Regressado em férias, à ilha natal, vindo de S. Vicente, onde estudava, foi levado por um tio a uma festa em Nova Sintra. Entrados na sala do baile, no momento em que se tocava uma morna (um conjunto de violino, viola braguesa, violão, e cavaquinho - era música ao vivo - notaram ambos, um par jovem, estudantes, igualmente regressados de Mindelo que ocupavam um largo espaço da sala, fazendo ele e ela, uma estranha coreografia ao dançar a morna. Um misto de “rock and roll” e de foxstrot” como que para mostrarem aos locais, que eles sim, eles sabiam outras danças aprendidas em S. Vicente, a ilha mais “adiantada” e cosmopolita, com cinema, vapores na baía, estrangeiros em terra e tudo que a Brava não possuía…
Passados uns segundos, o Djick, vê o tio zangado, a dirigir-se ao par. Tomou a dama, “pô-la ao peito” e mostrou ao jovem, falando e exemplificando numa lição de passos, como se devia realmente dançar a morna.
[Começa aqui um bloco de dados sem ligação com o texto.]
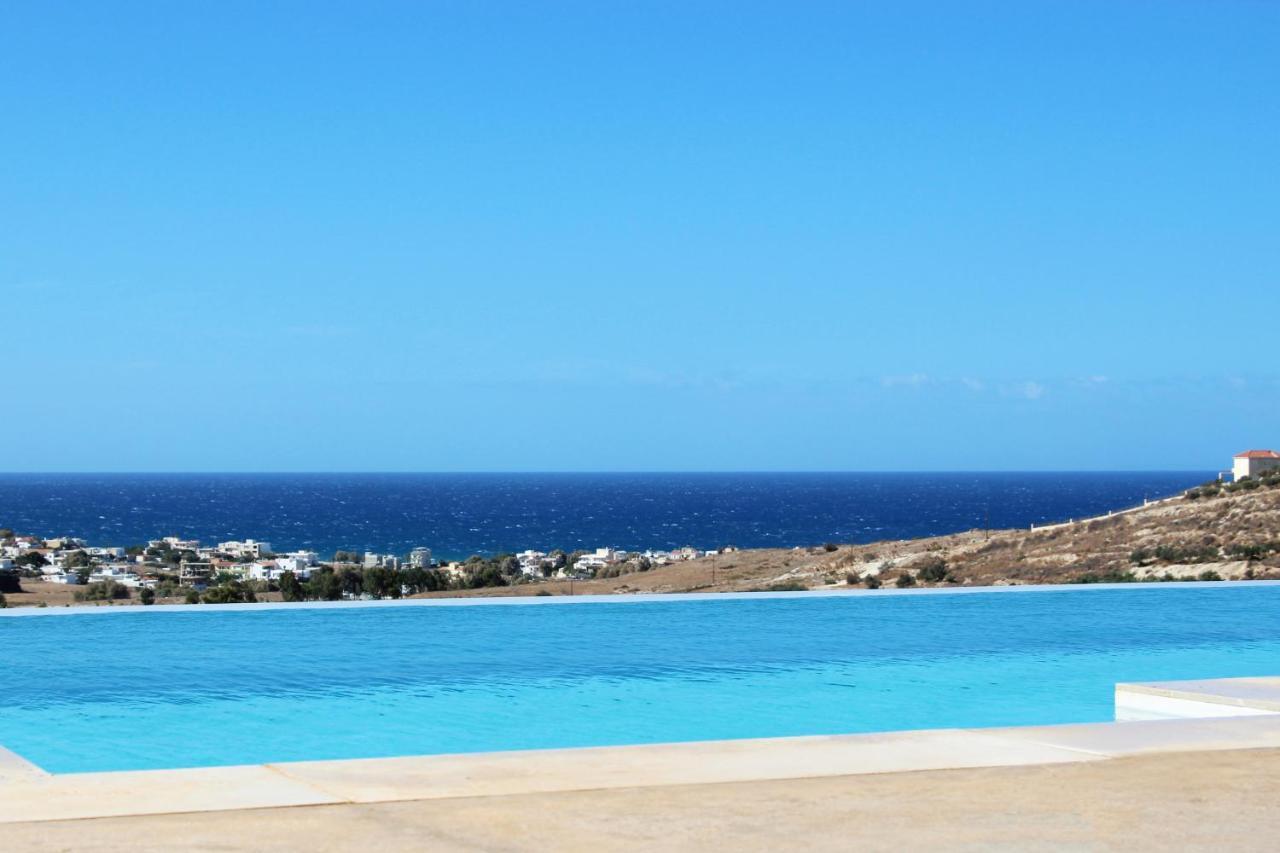 Phaestias Terra Villas Kalamaki  Buitenkant foto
A lição de dança foi dada em crioulo: “um pé diante, um pé trás, trá pé, pô pé, pára pé, deixa’l fica la mé” e assim por diante… numa tentativa de impor algum respeito pela coreografia da dança da morna ao dito par, que acabou por acatar o saber do mais velho.
3 – As três toadas: Outra questão trazida aos participantes do Fórum foi as três toadas distintas da morna e já aceites pelos músicos nacionais. A saber: a toada da Boa Vista, a toada da Brava e a toada de S. Vicente.
O músico Eutrópio Lima da Cruz, que na minha modesta e quase ignorante opinião (apenas canto em casa, claro! mornas antigas) tem vindo num refinamento e numa sofisticação, percebe-se isso no canto do orfeão da Praia, a aproximar as mornas que executam a um tom de música considerada clássica. Explicou ele que a morna sofreu uma evolução notável. Terá feito uma espécie de “caminhada” musical, vindo de melopeia ou de melopeias, passando por várias fases e atingindo a fase de melodia dita clássica, tal como nós hoje, a conhecemos.

3-S. Vicente e os seus músicos: Humberto Bettencourt Santos, o nosso Humbertona, conhecido e apreciado violão, trouxe a questão da música desenvolvida em S. Vicente, destacando os grandes músicos de um tempo passado e falando sobre a influência da música brasileira na época (anos 40 e 50 do séc. XX) em Mindelo. Claro, que as referências ao incontornável B. Léza, não faltaram.
Sobre o caso particular do músico, Luiz Rendall, afirmou Humberto Santos que se ele é conhecido e se tornou mestre no violão, foi por causa dos seus célebres “choros” de violão muito ao compasso e numa linha de interpretação, ao estilo do “choro” brasileiro. Claro, com a adequação, a adaptação e a já originalidade, do grande violão que foi Luiz Rendall.

4 – Unanimidade: A unanimidade das intervenções recaiu na questão do grande “trabalho de casa” que terá de ser feito em Cabo Verde, para que a morna atinja o tão almejado reconhecimento. Todos, ou quase todos os intervenientes, lamentaram que as nossas rádios e televisões, passem ou transmitam muito pouco, a morna! Que a nova geração não tenha sido educada musicalmente no gosto pela morna! Quase que a não ouvem em solo nacional!
Enfim, foram apresentadas muitas e boas achegas à causa da morna para a sua candidatura a património imaterial da humanidade.